Commentators on the AJC Get Schooled blog had a range of reaction to the problem of growing class sizes in Georgia’s schools, especially in high schools where students are dealing with increasingly more complex work. Here is a sampling of their comments under their chosen screen names:
NWGA: Administrators: Deal with the troublemakers or back me when I deal with them in the classroom, and things will start to get better. Continue to refuse to face the hard choices about disruptive students, and you continue to tie teachers' hands. I'm still doing as much as I can with hands tied, but I could do so much more with help from you.
Retiredteacher: What would you do about the current laws and regulations on the state and federal level that many times tie the hands of administrators and boards of education? Current regulation basically requires a system of gradually increasing consequences with complete documentation to "get rid of" chronic discipline problems. The process can take six months or more. I don't have any room for lazy or ineffective administrators, either, but please realize that the good administrators are frustrated with the red tape they must deal with to do their jobs. There is entirely too much state and federal interference with all aspects of school governance.
Don't tread: Everybody's so concerned about the so-called "school-to-prison pipeline" that they've lost sight of what they're supposed to be doing — teaching kids the skills they need to be adults one day. Send the miscreants to reform school, and if that doesn't work, expel them.
Jerry: As long as we continue the factory model, shoving kids through on an assembly line and judging each and every one of them with a single (typically low) "standard," we'll keep getting the factory-model assembly line with a single (typically low) "standard." Effort (or motivation — whatever label you wish to use) is a major determiner of success, but ability also lines up in what we call a normal distribution, and we have been remiss for about half a century to fail to attend to both. The kids who don't want to be in class should be somewhere else, as perhaps should be the stars of the class, as well as their peers who are trying hard but may not have the capacity of some of the others. We're punishing all of them far more by forcing a teacher to try to do best for all of them.

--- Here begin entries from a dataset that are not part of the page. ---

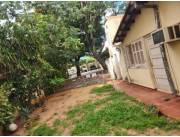 VENDO AMPLIA PROPIEDAD CON CONSTRUCCIÓN A DEMOLER!
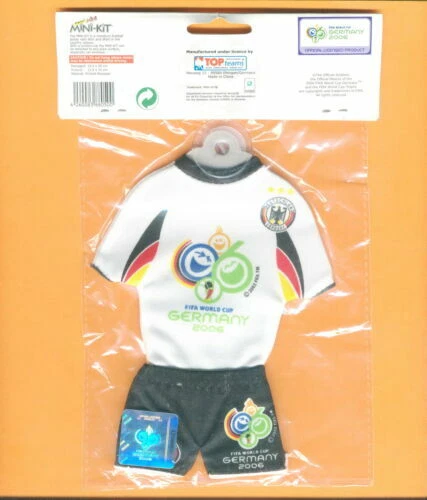 Markenlose Fußballnationalmannschafts-Trikots aus Deutschland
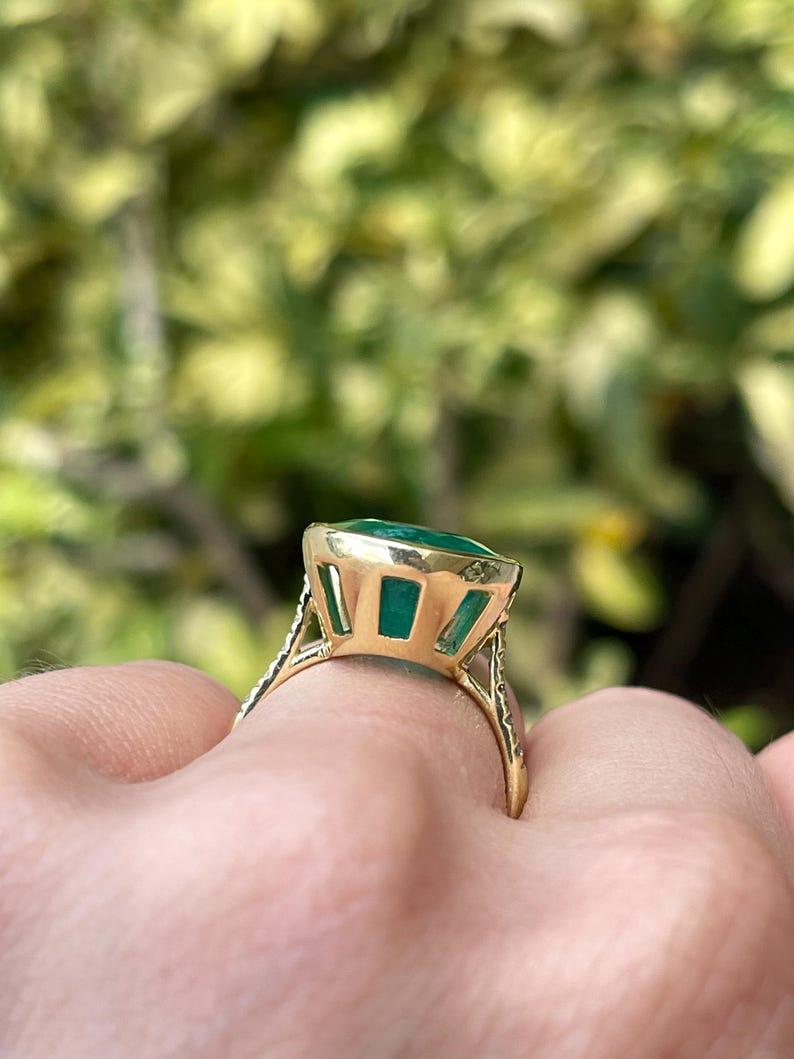 10.30tcw 18K Pear Cut Emerald & Diamond Ring - Dark Green Bezel Set 750 Gold For Sale 4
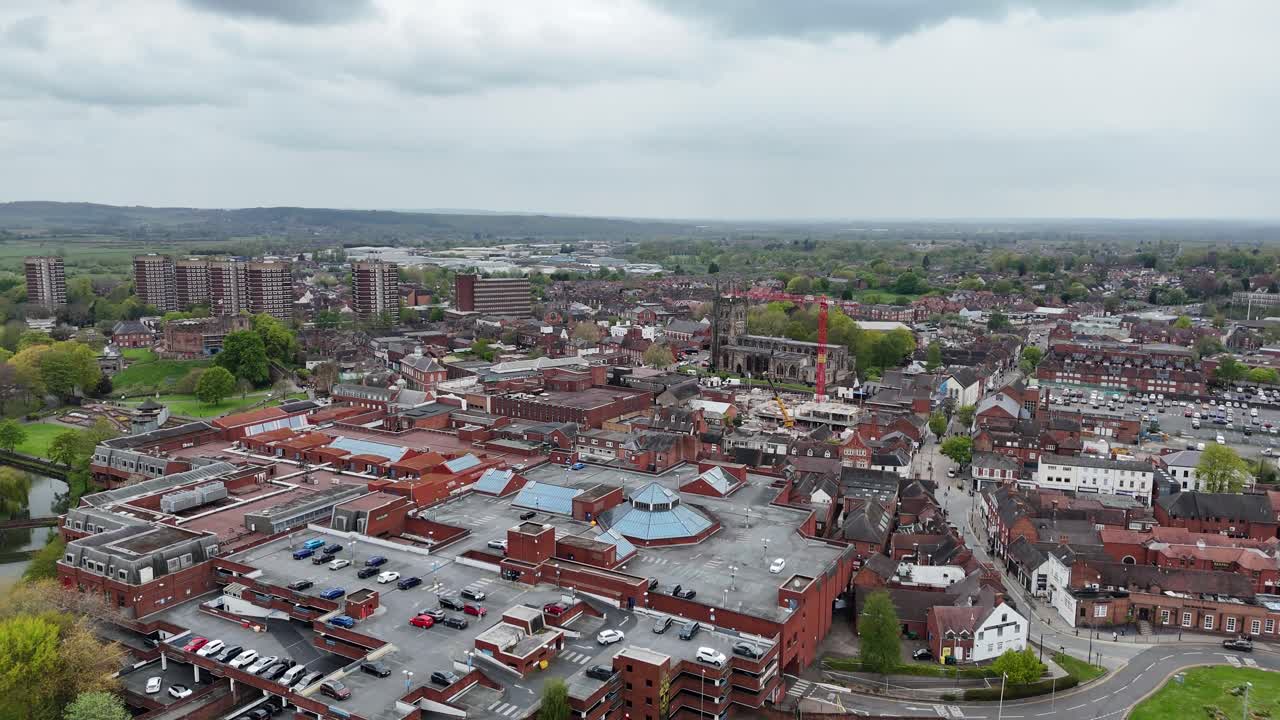 다층 주차장 워스 스태퍼드셔, 영국 드론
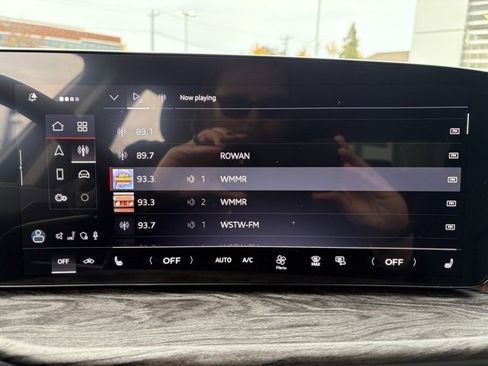 New 2025 Audi Q5 2.0T Premium Plus image 23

DG: One thing that seems to be a problem is that the students who are ahead are given the smaller classes, while we pack the general-level kids 36-plus to a class. With gifted children, you tend to have more personal responsibility where you could successfully implement a flipped model — and more opinions to bring to the table during classroom discussions. I currently have three classes (block schedule) of general-level freshmen. If I had smaller classes with these children, I would be able to give the greater focus that the trouble makers or ELL students or whatever other demographic need. I'm not saying that the job is impossible, but I know I would be able to accomplish a lot more for these students if I didn't have that many in class at a time.